The results are visualised in a 2 \(\times\) 3 plot with 6 subplots. The first row refers to experiments with few training data points and the second row to experiments with many training data points. The first column depicts the exact GPR model in green, the second column the SVGP model in purple and the third column the WSA model in orange. In each plot, training data points are marked in grey (as vertical bars in the first row and fill plots in the second row). We also assume the GPR model’s prediction as ground truth, which is therefore plotted in all plots as black dashed lines (indicating mean +/- 2 * std).

In each plot, the model’s prediction in terms of mean +/- 2 * std is plotted through fill plots, and function samples from the (approximate) posterior through thin solid lines (thick solid lines depict mean functions in the second and third column). Note that the coloured purple circles in the second column refer to predictions at the inducing point locations of the SVGP model.

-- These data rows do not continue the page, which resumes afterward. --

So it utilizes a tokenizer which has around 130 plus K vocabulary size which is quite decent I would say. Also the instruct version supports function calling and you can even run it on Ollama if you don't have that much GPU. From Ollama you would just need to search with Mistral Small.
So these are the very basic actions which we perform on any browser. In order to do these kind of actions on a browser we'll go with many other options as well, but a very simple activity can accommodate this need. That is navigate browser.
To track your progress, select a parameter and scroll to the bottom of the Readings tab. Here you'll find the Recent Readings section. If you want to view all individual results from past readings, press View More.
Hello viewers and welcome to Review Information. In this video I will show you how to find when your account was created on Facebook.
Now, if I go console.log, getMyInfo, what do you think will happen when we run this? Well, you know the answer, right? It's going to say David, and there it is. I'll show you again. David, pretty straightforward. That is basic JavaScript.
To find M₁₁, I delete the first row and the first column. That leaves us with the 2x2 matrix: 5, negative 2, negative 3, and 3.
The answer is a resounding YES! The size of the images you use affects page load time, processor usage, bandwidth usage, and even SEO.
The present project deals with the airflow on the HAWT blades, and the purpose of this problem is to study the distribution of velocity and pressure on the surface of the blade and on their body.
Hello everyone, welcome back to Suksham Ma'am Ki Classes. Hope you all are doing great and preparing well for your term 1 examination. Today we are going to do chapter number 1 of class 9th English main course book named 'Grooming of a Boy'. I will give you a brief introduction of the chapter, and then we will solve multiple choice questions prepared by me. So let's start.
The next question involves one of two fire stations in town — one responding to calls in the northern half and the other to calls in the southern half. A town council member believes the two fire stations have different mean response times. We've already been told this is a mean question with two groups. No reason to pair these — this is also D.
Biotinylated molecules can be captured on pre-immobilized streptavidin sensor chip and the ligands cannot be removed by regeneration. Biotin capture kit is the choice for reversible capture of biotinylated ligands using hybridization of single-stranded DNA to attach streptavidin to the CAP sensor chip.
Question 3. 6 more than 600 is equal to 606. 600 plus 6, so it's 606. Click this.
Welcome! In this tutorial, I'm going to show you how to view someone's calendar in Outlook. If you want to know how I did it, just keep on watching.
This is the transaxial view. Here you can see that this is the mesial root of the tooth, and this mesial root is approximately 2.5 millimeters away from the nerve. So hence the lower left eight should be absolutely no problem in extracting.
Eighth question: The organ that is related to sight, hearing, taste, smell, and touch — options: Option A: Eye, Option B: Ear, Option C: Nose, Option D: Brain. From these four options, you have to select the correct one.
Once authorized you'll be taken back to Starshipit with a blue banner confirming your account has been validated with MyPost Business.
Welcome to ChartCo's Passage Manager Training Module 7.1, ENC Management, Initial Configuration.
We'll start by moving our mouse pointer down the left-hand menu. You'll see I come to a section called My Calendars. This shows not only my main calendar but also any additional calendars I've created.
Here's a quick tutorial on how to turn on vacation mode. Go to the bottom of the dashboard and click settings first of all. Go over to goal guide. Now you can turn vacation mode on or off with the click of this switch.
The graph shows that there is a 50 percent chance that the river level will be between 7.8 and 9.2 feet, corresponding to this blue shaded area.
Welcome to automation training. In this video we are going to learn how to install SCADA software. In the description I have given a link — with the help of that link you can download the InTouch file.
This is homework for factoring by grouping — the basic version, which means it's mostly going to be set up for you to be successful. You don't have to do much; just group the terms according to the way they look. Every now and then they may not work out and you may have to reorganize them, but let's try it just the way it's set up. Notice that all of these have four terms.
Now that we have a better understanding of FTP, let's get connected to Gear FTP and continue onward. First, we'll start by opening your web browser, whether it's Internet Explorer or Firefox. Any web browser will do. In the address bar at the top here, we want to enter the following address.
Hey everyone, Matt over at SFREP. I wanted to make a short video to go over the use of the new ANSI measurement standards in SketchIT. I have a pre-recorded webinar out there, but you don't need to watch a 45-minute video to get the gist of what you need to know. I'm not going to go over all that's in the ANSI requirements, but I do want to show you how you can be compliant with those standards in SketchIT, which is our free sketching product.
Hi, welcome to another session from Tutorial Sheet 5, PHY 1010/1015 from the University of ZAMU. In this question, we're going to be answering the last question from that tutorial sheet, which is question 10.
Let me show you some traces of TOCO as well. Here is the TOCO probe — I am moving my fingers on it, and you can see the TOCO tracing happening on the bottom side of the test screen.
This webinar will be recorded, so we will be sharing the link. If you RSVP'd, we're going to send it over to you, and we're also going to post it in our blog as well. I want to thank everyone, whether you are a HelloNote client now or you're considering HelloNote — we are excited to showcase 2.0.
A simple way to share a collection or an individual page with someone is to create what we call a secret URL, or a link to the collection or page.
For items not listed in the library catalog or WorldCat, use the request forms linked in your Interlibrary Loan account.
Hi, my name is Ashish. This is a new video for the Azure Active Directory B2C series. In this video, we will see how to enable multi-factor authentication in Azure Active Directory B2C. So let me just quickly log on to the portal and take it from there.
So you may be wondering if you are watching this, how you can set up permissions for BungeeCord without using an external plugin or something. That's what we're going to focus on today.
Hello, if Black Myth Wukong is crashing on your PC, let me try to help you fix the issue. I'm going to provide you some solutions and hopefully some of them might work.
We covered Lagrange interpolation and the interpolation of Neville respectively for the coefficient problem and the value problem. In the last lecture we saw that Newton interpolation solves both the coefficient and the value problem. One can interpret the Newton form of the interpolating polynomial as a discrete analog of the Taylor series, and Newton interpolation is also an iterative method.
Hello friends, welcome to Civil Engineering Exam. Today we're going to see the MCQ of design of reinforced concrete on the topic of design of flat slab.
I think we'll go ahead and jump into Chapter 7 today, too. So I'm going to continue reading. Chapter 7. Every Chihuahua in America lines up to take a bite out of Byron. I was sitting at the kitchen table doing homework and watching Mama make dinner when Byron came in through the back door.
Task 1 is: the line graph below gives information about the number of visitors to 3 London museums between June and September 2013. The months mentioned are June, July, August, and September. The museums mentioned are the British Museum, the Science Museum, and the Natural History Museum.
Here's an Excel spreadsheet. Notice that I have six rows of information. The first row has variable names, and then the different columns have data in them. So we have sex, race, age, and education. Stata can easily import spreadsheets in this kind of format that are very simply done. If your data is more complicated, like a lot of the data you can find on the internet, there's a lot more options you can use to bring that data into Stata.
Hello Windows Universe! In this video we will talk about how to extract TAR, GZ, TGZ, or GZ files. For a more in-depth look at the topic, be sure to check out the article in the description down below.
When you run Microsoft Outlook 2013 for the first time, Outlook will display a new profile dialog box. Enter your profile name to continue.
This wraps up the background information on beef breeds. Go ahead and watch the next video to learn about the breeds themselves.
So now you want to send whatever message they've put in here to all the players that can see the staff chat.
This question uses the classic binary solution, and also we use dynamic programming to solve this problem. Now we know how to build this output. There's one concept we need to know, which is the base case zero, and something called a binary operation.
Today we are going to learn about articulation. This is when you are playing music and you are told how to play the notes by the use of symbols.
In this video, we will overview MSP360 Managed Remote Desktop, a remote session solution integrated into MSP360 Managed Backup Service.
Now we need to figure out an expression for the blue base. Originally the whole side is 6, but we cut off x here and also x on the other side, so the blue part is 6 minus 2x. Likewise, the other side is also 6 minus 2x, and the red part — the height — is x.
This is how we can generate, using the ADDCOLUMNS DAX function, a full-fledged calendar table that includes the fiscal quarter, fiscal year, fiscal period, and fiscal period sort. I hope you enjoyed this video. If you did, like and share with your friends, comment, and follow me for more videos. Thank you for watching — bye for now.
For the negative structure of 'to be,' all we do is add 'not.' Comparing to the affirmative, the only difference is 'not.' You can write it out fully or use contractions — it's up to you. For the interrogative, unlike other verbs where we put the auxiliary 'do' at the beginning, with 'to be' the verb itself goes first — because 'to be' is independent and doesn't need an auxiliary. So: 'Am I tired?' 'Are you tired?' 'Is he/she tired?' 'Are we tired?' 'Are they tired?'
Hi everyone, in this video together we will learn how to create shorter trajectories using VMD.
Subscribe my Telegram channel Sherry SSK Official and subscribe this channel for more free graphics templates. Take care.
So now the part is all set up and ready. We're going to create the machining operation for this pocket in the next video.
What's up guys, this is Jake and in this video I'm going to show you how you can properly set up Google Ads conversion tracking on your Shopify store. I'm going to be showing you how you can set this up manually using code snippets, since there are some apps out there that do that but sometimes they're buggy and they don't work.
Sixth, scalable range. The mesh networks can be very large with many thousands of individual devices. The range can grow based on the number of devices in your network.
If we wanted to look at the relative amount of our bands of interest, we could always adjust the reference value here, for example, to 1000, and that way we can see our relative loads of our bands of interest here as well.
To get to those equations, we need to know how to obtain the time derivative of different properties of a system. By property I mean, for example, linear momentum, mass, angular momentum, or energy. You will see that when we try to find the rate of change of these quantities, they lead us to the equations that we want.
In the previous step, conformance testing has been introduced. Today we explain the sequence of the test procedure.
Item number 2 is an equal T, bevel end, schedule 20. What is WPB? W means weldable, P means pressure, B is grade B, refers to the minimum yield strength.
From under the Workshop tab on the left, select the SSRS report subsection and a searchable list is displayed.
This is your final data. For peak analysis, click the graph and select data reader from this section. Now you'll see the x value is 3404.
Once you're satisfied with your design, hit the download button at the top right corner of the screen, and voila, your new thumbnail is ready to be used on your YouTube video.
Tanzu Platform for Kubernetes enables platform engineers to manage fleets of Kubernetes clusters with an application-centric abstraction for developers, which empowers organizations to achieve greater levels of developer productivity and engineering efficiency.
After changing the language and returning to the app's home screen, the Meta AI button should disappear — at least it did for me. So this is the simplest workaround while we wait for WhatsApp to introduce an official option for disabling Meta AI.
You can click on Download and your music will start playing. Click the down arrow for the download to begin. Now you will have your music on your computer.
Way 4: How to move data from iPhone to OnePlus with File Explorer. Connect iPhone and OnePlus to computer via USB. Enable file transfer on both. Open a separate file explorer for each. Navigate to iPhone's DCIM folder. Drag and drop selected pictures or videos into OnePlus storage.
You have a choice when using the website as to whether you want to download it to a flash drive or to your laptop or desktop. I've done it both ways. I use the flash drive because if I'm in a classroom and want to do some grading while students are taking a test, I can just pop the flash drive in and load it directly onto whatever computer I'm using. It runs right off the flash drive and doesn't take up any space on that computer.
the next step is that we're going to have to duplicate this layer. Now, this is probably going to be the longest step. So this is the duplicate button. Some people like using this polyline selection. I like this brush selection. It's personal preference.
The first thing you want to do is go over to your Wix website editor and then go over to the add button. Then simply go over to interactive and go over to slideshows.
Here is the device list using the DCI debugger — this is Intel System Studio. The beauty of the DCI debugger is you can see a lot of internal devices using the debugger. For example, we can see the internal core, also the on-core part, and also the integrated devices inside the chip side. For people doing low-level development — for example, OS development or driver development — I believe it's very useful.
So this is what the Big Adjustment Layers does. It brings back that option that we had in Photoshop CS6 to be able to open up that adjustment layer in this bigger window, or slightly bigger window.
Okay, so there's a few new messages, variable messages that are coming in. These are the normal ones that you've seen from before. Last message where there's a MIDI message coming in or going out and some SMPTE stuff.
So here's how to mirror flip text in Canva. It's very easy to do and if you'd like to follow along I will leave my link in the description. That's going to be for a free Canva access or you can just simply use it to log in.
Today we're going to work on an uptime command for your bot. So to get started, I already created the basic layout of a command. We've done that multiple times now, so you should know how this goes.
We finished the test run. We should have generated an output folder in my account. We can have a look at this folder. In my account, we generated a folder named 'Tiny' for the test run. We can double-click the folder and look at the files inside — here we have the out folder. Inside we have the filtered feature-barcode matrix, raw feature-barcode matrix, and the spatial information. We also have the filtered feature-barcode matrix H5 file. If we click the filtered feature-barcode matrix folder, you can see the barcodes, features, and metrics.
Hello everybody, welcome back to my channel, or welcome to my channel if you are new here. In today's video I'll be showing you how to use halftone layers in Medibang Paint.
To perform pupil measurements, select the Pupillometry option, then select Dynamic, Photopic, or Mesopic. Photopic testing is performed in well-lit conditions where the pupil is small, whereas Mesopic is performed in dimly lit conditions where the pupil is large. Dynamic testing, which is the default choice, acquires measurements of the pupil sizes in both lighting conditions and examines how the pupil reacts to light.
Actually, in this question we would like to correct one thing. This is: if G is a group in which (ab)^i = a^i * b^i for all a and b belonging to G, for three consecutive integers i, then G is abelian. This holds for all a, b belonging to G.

It can be seen that, as training data points increase from the first to the second row, the predictions of the WSA model decrease drastically in areas relevant to extrapolation (i.e. close to but not inside the training data interval) because a lot of Fourier features would be required to accurately approximate a function sample drawn from a Matern kernel (because of its non-smooth nature). The same effect would be less severe for a function sample drawn from an RBF kernel that is smoother than a Matern kernel (and can hence be reliably approximated with fewer Fourier features). Note that the experiment is stochastic because the ground truth function sample from the prior kernel is random. There might be outcomes of the experiment in which the explained effect is less prominent than in other random outcomes – so the last code block might require execution more than once to obtain a clear result.